START Data supplied

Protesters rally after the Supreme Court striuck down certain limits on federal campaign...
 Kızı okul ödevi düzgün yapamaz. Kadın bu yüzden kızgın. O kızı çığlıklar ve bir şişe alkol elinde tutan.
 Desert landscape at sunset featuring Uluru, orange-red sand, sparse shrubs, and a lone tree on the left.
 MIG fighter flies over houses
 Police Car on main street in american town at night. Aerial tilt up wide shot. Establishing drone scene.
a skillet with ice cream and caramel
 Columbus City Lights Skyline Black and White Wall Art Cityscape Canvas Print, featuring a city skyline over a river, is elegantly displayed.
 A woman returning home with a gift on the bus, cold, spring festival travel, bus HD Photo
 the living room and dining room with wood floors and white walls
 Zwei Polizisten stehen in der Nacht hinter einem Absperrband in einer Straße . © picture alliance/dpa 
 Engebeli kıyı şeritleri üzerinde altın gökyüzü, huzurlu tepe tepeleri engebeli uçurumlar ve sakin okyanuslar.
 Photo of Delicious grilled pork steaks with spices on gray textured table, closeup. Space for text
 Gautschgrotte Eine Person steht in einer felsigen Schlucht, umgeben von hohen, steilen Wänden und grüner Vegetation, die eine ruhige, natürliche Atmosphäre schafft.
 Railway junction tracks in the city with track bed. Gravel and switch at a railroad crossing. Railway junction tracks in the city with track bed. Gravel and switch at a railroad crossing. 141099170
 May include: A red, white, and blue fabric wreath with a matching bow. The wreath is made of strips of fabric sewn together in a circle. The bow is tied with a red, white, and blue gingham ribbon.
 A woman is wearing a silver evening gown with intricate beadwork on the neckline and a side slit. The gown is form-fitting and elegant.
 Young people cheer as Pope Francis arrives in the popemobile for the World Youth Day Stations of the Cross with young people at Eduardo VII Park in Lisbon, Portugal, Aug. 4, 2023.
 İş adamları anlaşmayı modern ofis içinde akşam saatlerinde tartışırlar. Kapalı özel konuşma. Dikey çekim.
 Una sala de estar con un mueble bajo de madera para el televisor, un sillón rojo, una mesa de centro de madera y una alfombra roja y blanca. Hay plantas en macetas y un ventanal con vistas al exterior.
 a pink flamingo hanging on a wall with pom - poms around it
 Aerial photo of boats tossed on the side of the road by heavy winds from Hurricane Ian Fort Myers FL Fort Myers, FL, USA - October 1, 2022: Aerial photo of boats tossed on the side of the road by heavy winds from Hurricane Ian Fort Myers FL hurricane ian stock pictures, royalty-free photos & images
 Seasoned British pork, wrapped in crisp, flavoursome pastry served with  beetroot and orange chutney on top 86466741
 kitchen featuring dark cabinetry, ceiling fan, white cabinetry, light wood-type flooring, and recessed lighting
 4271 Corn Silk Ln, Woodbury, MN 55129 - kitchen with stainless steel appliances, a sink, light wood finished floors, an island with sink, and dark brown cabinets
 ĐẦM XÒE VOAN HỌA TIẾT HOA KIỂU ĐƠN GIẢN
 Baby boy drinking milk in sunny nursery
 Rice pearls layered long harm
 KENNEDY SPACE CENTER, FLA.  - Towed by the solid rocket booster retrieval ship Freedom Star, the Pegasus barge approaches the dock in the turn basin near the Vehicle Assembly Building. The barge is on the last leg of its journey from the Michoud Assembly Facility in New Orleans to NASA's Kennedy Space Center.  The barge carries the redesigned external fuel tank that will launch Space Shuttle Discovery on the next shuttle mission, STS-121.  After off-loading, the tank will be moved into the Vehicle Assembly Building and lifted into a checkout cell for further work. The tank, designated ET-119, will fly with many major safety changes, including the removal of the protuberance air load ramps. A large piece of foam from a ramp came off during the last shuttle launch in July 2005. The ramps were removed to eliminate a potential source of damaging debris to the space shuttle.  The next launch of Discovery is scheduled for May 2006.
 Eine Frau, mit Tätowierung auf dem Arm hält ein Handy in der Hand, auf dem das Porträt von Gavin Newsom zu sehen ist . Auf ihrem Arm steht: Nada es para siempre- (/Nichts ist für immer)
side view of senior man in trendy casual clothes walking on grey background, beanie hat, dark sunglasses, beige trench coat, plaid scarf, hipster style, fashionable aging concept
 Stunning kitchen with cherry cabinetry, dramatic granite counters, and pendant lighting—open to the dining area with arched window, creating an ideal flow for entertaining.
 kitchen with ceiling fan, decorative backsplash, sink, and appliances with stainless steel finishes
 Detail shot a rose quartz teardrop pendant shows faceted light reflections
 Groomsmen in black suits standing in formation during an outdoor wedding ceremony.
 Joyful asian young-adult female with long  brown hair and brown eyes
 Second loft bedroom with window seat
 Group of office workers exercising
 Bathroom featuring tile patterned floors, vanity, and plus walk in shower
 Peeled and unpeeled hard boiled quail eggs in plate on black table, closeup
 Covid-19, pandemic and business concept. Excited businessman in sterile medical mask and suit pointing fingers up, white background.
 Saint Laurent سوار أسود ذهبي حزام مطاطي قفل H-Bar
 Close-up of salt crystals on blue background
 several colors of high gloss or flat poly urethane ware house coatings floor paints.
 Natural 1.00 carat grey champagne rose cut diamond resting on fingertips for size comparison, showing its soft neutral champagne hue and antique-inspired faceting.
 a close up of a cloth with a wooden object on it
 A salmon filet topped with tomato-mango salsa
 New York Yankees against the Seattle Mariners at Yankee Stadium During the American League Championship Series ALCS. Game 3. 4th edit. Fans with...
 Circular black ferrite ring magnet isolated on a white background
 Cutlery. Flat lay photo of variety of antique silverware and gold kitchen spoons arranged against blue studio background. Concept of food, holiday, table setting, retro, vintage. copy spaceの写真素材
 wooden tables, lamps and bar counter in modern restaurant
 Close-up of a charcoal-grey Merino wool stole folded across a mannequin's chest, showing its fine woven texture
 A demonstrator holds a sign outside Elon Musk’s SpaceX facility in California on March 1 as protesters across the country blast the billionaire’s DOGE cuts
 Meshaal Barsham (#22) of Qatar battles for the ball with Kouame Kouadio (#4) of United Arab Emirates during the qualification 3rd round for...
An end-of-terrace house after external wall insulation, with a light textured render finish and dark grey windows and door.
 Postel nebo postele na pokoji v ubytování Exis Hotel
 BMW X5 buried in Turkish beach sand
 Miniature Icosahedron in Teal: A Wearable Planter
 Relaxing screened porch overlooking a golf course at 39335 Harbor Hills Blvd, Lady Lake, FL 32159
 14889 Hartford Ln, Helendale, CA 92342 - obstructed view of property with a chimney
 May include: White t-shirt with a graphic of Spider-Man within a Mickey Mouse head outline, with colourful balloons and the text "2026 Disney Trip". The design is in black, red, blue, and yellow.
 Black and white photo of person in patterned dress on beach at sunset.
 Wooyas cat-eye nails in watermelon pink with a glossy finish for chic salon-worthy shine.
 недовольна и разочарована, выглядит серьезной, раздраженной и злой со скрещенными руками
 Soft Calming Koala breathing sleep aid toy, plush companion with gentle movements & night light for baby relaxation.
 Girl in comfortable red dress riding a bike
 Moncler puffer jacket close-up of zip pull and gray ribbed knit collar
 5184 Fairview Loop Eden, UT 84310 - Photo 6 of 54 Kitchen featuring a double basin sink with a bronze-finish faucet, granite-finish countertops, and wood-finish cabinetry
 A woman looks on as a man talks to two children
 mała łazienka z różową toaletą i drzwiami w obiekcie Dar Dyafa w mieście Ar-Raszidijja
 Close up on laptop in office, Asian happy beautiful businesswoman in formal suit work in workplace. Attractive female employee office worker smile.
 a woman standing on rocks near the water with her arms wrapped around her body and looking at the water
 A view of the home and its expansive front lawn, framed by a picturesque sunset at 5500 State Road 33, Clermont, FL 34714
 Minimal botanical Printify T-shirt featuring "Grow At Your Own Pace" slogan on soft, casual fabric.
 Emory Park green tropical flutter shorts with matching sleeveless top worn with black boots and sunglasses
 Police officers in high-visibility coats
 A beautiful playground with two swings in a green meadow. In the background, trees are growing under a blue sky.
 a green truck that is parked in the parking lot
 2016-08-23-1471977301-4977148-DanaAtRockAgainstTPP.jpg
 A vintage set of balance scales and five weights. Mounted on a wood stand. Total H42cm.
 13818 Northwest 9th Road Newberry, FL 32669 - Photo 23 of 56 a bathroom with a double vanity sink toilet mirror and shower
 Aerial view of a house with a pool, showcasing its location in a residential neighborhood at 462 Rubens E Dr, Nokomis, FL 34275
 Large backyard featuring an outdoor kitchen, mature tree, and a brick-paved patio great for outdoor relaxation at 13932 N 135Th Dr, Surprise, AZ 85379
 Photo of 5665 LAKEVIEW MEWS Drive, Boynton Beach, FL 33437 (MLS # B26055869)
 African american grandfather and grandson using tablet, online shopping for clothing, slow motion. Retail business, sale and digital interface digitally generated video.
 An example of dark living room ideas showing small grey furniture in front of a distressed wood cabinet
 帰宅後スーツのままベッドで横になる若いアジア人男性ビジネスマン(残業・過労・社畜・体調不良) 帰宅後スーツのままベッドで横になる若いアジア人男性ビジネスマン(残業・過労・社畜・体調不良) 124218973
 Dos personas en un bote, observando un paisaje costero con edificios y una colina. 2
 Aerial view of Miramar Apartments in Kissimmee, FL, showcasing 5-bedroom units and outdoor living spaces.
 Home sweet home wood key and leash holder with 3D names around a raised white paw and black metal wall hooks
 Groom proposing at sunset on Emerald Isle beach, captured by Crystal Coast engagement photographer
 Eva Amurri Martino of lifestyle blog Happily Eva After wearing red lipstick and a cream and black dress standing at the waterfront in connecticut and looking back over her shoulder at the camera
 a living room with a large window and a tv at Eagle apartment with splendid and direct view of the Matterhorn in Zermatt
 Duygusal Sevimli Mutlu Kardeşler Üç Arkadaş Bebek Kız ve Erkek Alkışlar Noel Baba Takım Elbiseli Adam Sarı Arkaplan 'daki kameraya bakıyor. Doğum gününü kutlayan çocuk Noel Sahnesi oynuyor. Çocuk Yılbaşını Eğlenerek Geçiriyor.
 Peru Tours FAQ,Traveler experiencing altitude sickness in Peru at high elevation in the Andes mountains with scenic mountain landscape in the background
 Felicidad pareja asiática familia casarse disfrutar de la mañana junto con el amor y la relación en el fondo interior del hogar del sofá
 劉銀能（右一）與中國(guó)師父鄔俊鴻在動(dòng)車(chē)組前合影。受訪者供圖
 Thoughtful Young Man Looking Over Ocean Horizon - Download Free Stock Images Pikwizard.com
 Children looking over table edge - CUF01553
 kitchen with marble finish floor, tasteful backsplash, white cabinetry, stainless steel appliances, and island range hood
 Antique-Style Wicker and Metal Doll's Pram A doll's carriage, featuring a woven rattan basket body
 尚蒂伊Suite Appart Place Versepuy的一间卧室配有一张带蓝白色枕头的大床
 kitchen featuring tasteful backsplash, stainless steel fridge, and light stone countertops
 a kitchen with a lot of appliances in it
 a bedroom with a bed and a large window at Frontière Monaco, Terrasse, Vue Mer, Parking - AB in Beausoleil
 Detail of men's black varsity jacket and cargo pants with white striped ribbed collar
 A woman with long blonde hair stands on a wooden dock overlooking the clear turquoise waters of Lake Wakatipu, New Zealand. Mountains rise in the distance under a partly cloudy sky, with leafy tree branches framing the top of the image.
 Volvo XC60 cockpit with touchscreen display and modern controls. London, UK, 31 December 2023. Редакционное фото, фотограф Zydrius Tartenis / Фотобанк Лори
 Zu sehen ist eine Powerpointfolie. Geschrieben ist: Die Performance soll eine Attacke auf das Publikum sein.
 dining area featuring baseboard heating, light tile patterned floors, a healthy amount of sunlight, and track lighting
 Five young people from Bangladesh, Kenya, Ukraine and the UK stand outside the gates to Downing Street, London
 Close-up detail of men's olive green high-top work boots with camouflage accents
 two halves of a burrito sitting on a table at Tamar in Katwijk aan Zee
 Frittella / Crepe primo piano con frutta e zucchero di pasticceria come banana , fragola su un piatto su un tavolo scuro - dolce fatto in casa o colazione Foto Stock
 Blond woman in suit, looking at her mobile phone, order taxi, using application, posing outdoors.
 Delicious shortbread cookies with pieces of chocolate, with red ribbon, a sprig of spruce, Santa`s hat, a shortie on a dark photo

END Data supplied

• Try it:
Would you copy, unchanged, the stretch of the records above that begins at the line containing "Group of office workers exercising" and ends at the line containing "14889 Hartford Ln, Helendale, CA", and only that?

• Result below:
 Group of office workers exercising
 Bathroom featuring tile patterned floors, vanity, and plus walk in shower
 Peeled and unpeeled hard boiled quail eggs in plate on black table, closeup
 Covid-19, pandemic and business concept. Excited businessman in sterile medical mask and suit pointing fingers up, white background.
 Saint Laurent سوار أسود ذهبي حزام مطاطي قفل H-Bar
 Close-up of salt crystals on blue background
 several colors of high gloss or flat poly urethane ware house coatings floor paints.
 Natural 1.00 carat grey champagne rose cut diamond resting on fingertips for size comparison, showing its soft neutral champagne hue and antique-inspired faceting.
 a close up of a cloth with a wooden object on it
 A salmon filet topped with tomato-mango salsa
 New York Yankees against the Seattle Mariners at Yankee Stadium During the American League Championship Series ALCS. Game 3. 4th edit. Fans with...
 Circular black ferrite ring magnet isolated on a white background
 Cutlery. Flat lay photo of variety of antique silverware and gold kitchen spoons arranged against blue studio background. Concept of food, holiday, table setting, retro, vintage. copy spaceの写真素材
 wooden tables, lamps and bar counter in modern restaurant
 Close-up of a charcoal-grey Merino wool stole folded across a mannequin's chest, showing its fine woven texture
 A demonstrator holds a sign outside Elon Musk’s SpaceX facility in California on March 1 as protesters across the country blast the billionaire’s DOGE cuts
 Meshaal Barsham (#22) of Qatar battles for the ball with Kouame Kouadio (#4) of United Arab Emirates during the qualification 3rd round for...
An end-of-terrace house after external wall insulation, with a light textured render finish and dark grey windows and door.
 Postel nebo postele na pokoji v ubytování Exis Hotel
 BMW X5 buried in Turkish beach sand
 Miniature Icosahedron in Teal: A Wearable Planter
 Relaxing screened porch overlooking a golf course at 39335 Harbor Hills Blvd, Lady Lake, FL 32159
 14889 Hartford Ln, Helendale, CA 92342 - obstructed view of property with a chimney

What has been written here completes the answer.